The structures of all the synthesized compounds were confirmed by IR,¹H NMR,¹³C NMR and HRMS. ¹H NMR spectra of compounds 3-29 showed two characteristic singlets at δ 7.98- 9.35 and 11.40-13.00 for CH=N and NH,respectively. The antitumor activity of the synthesized compounds 3-29 against cervical cancer (Hela) and kidney fibroblast cancer (COS-7) cell lines was evaluated. Results are expressed in IC₅₀ (mmol/L) and presented in Table 1. As shown in Table 1,compounds 3,14,19,27 and 28 have promising activity against Hela cell line with IC₅₀ values of 2.41,3.06,6.46,2.22 and 6.25 mmol/L,respectively,in comparison to doxorubicin as a reference antitumor agent with IC₅₀ value of 2.05 mmol/L. In addition,compound 3 displayed excellent activity against COS-7 cell line with IC₅₀ value of 4.31 mmol/L in comparison to doxorubicin with IC₅₀ value of 3.04 mmol/L.

Table 1

Table 1 In vitro antitumor activity of compounds 3-29 against cervical cancer (Hela) and kidney fibroblast cancer (COS-7) cell lines.
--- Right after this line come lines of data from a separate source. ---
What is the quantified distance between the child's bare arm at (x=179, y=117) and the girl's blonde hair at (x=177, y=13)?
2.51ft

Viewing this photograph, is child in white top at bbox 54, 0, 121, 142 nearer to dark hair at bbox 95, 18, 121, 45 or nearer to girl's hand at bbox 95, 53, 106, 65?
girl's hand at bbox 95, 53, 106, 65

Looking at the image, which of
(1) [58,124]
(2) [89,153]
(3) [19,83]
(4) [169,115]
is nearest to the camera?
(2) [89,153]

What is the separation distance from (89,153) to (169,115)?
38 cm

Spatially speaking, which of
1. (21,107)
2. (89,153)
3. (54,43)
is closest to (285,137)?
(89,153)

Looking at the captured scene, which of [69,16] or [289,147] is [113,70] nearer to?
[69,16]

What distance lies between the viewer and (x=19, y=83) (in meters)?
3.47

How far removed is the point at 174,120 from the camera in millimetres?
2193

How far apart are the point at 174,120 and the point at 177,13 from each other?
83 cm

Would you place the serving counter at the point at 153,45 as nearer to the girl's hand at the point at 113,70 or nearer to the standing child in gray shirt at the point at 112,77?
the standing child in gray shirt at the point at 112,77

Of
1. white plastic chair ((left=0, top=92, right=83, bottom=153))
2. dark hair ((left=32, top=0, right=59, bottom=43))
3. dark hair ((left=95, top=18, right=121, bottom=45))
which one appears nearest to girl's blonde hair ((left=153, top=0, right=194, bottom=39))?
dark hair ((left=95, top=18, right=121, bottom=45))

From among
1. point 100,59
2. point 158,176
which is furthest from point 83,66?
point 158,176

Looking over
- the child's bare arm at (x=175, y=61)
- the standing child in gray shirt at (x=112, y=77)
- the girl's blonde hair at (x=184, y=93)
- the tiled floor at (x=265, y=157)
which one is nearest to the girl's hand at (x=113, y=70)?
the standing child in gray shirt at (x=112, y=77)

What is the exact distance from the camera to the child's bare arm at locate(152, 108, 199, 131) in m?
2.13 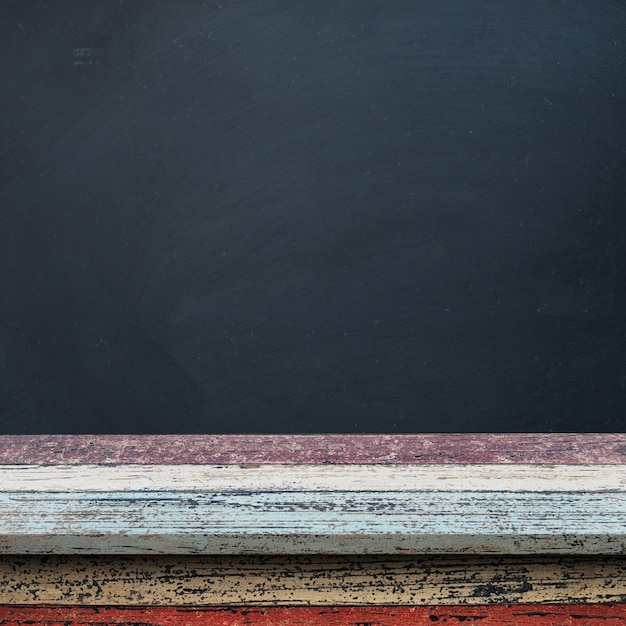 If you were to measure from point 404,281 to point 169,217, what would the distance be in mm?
452

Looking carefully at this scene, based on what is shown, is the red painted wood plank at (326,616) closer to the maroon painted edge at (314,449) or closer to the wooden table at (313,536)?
the wooden table at (313,536)

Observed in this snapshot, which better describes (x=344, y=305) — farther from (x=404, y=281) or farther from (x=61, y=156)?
(x=61, y=156)

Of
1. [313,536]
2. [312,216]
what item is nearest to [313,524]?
[313,536]

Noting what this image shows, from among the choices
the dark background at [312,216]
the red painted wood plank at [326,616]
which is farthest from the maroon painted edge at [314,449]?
the dark background at [312,216]

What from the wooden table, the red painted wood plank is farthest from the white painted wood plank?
the red painted wood plank

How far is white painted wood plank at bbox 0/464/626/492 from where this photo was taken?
521mm

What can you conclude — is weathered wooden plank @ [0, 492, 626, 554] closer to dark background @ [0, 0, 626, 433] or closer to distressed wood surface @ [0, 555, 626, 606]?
distressed wood surface @ [0, 555, 626, 606]

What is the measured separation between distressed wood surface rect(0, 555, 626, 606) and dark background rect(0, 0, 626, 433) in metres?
0.68

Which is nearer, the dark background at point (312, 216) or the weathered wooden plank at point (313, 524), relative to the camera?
the weathered wooden plank at point (313, 524)

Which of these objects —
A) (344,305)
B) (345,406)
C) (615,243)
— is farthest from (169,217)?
(615,243)

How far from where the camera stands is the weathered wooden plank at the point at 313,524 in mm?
499

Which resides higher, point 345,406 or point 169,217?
point 169,217

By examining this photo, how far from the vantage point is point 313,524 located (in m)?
0.50

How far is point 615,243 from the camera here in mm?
1152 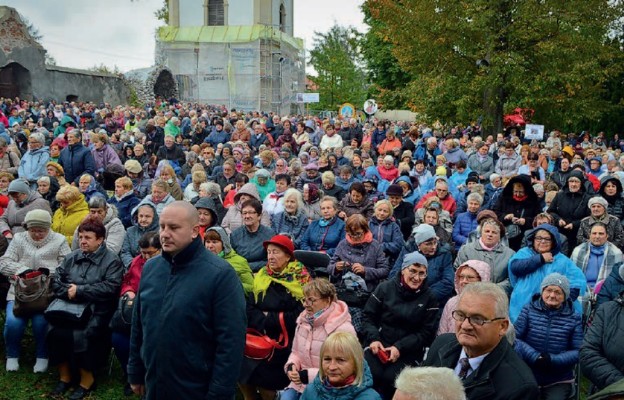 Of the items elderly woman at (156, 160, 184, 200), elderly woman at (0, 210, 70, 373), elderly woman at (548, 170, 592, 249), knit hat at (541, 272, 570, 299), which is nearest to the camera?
knit hat at (541, 272, 570, 299)

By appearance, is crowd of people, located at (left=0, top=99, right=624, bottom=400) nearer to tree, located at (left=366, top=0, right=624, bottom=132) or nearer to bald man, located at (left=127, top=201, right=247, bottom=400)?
bald man, located at (left=127, top=201, right=247, bottom=400)

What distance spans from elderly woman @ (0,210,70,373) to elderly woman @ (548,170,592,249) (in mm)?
6541

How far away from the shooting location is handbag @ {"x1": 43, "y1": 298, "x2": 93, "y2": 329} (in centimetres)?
584

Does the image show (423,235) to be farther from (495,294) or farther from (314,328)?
(495,294)

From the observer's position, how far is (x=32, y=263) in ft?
20.7

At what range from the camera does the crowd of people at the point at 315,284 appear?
11.9ft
Table 1 In vitro antitumor activity of compounds 3-29 against cervical cancer (Hela) and kidney fibroblast cancer (COS-7) cell lines.

Structure activity correlation of compounds 3-29 based on the tested cell lines,cervical cancer (Hela) and kidney fibroblast cancer (COS-7) cell lines,is discussed. The presence of 2-(4-hydroxy-2- methoxybenzylidene)hydrazino moiety at the 2-position of benzothiazole nucleus greatly enhanced the activity against cervical cancer (Hela) and kidney fibroblast cancer (COS-7) cell lines (compound 3). On the other hand,replacement of 4-hydroxy substituent in compound 3 with 4-methoxy resulted in decreased activity against both cell lines (compound 4). Furthermore,changing the positions of the hydroxy and methoxy substituents on the benzylidene moiety led to decreased activity against both cell lines (compounds 5 and 6). In addition,the presence of 2-(3- methylbenzylidene)hydrazino moiety improved the hydrophobic interaction with the receptor and resulted in considerable activity against both cell lines (compound 7). On the other hand,the presence of 2-(4-hydroxy-3-methylbenzylidene)hydrazino moiety showed decreased activity against both cell lines (compound 9).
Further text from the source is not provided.